Porém, mesmo com o isolamento – tanto físico como social e ideológico – do lugar, as lutas entre as etnias hutus e tutsis são estruturais e poderosas demais para passarem ao largo da tal escola.

Afegão, o próprio diretor Atiq Rahimi diz em entrevista que conhecia pouco sobre Ruanda antes de realizar “Nossa Senhora do Nilo”.  “Sabia sobre o genocídio de 1994, uma tragédia que, na minha mente, é como o fratricídio que aconteceu em meu país e começou dois anos antes.

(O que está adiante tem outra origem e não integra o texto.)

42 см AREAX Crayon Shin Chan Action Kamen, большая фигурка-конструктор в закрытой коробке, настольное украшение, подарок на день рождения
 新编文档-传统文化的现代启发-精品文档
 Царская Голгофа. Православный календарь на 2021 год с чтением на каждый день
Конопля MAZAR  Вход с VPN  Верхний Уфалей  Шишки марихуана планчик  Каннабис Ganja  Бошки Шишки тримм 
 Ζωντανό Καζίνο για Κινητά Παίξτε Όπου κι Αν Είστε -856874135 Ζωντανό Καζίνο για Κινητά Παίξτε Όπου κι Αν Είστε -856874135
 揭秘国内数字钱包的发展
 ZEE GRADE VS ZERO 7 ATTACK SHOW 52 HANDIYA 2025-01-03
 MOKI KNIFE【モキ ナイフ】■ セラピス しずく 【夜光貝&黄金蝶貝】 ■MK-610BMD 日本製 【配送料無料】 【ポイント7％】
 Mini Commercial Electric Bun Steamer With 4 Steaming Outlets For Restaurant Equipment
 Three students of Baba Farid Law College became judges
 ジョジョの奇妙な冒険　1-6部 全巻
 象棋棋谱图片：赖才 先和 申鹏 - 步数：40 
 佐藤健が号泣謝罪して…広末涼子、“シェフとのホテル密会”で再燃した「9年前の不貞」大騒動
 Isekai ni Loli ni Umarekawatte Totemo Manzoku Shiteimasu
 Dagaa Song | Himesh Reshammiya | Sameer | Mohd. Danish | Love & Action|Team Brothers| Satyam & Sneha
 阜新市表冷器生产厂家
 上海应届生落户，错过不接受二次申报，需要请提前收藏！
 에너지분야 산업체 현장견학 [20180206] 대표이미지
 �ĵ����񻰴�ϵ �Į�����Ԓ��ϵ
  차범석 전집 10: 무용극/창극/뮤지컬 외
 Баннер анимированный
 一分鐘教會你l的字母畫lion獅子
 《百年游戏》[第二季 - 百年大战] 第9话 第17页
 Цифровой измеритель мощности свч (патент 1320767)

Nos dois casos, começou como uma questão política, e, depois, se tornou problemas étnicos, de raça e até de religião.” Rahimi, que também é escritor, conheceu Mukasonga em um evento literário em 2008, e leu seu livro assim que publicado, em 2012.

Para ele, a relação entre a violência e o sagrado é o principal ponto do filme, pois “tanto Ruanda quanto o Afeganistão, nos anos de 1970, estão sob um regime totalitário. Não são as pessoas que decidem o sistema político, mas uma elite e os tecnocratas. O genocídio de 1994 não aconteceu de repente, mas suas origens estão em 1959, quando a monarquia foi deposta, e depois em 1973 com a perseguição às elites e aos intelectuais.”

Soa familiar?

“Nossa História do Nilo” é uma coprodução entre países colonizados (que sempre sofrem com os fatos relatados neste tipo de filme) e colonizadores (que sempre adoram fazer filmes sobre países colonizados, o que não deixa de ser uma atitude colonizadora). São eles: França, Bélgica, Ruanda e – quem diria – Mônaco.

Só pra finalizar: há um outro ótimo filme, este mais especificamente sobre o genocídio: “Hotel Ruanda”.